ACTIVITY
Would you restate each line of the data below word for word, without its pictures?

Items listed in a dataset

○ ○ ○ ○ ○

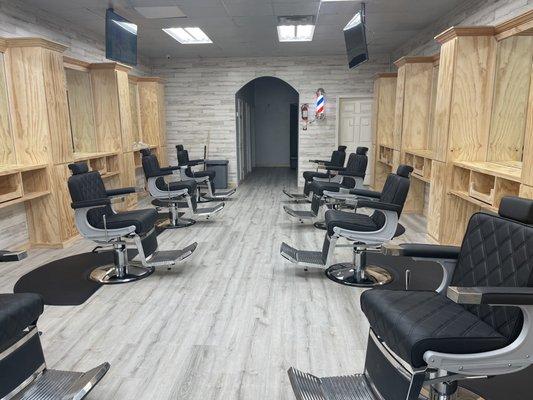 Vidal Barber Shop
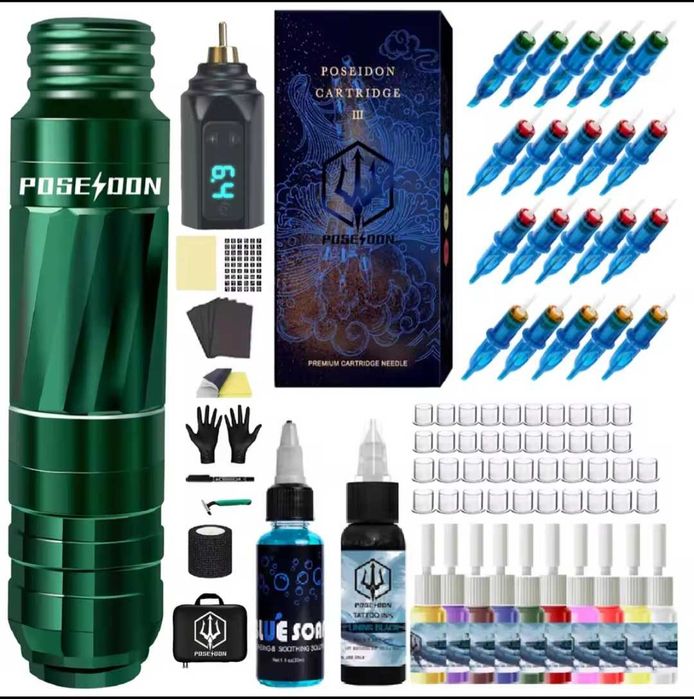 Kit tatuaj profesional de vanzare NOU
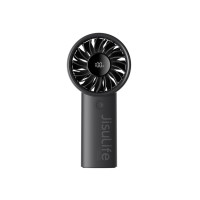 ราคา Jisulife สีดำ - JisuLife Handheld Fan Life4 พัดลมมือถือ (3600mAh) (MKP1906519)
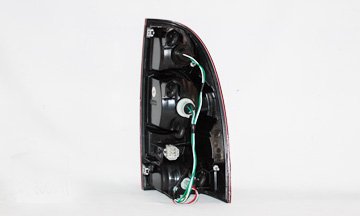 2005-2008 TOYOTA TACOMA NEW AUTOMOTIVE REPLACEMENT TAIL LIGHT LEFT HAND TYC 11-6064-00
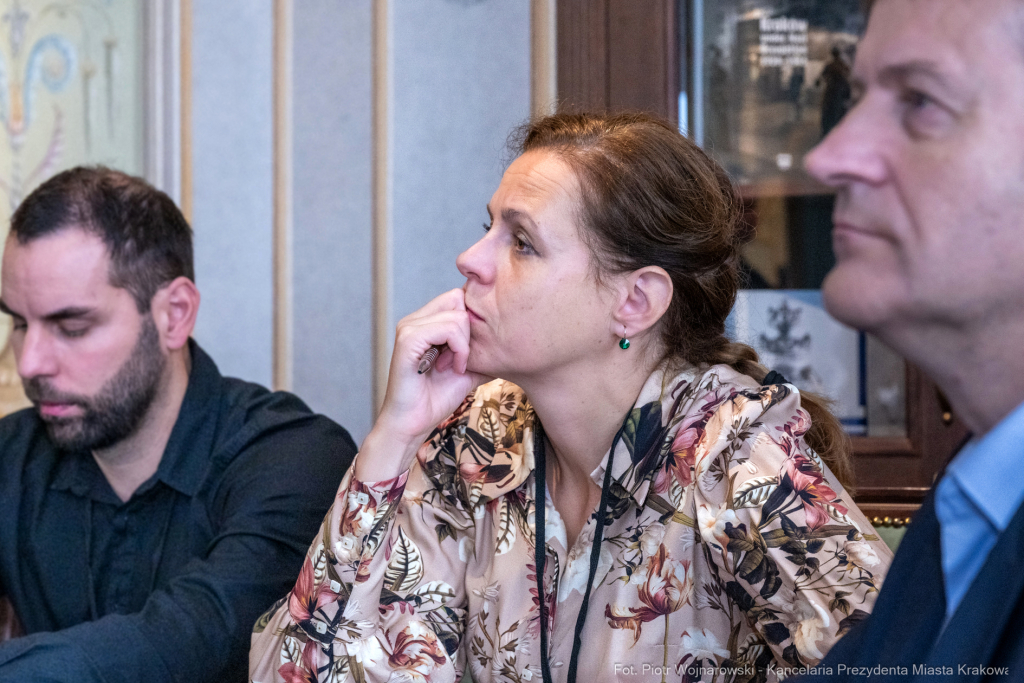 Miszalski, Konferencja Regionalna Miast Dziedzictwa Światowego, OWHC, zdjęcia  Autor: P. Wojnarowski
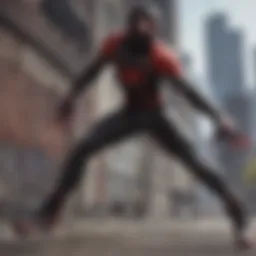 Air Jordan 1 Miles Morales: A Comprehensive Exploration Introduction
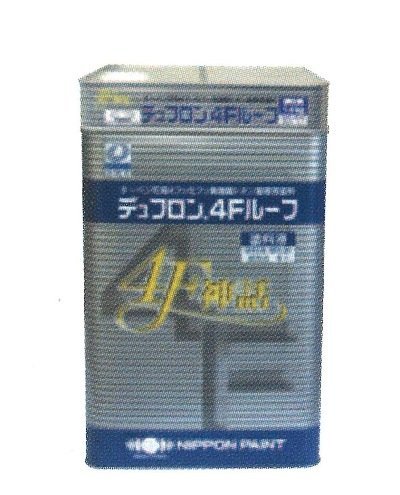 Amazon.co.jp: デュフロン4Fルーフ 15kgセット ブラック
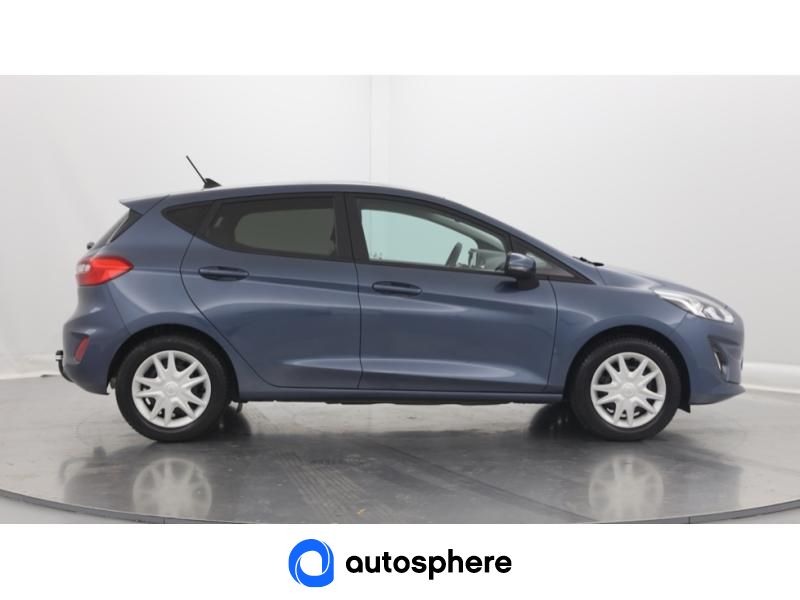 FORD FIESTA 1.0 ECOBOOST 95CH CONNECT BUSINESS 5P - Miniature 4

○ ○ ○ ○ ○

EXERCISE OUTPUT
 Vidal Barber Shop
 Kit tatuaj profesional de vanzare NOU
 ราคา Jisulife สีดำ - JisuLife Handheld Fan Life4 พัดลมมือถือ (3600mAh) (MKP1906519)
 2005-2008 TOYOTA TACOMA NEW AUTOMOTIVE REPLACEMENT TAIL LIGHT LEFT HAND TYC 11-6064-00
 Miszalski, Konferencja Regionalna Miast Dziedzictwa Światowego, OWHC, zdjęcia  Autor: P. Wojnarowski
 Air Jordan 1 Miles Morales: A Comprehensive Exploration Introduction
 Amazon.co.jp: デュフロン4Fルーフ 15kgセット ブラック
 FORD FIESTA 1.0 ECOBOOST 95CH CONNECT BUSINESS 5P - Miniature 4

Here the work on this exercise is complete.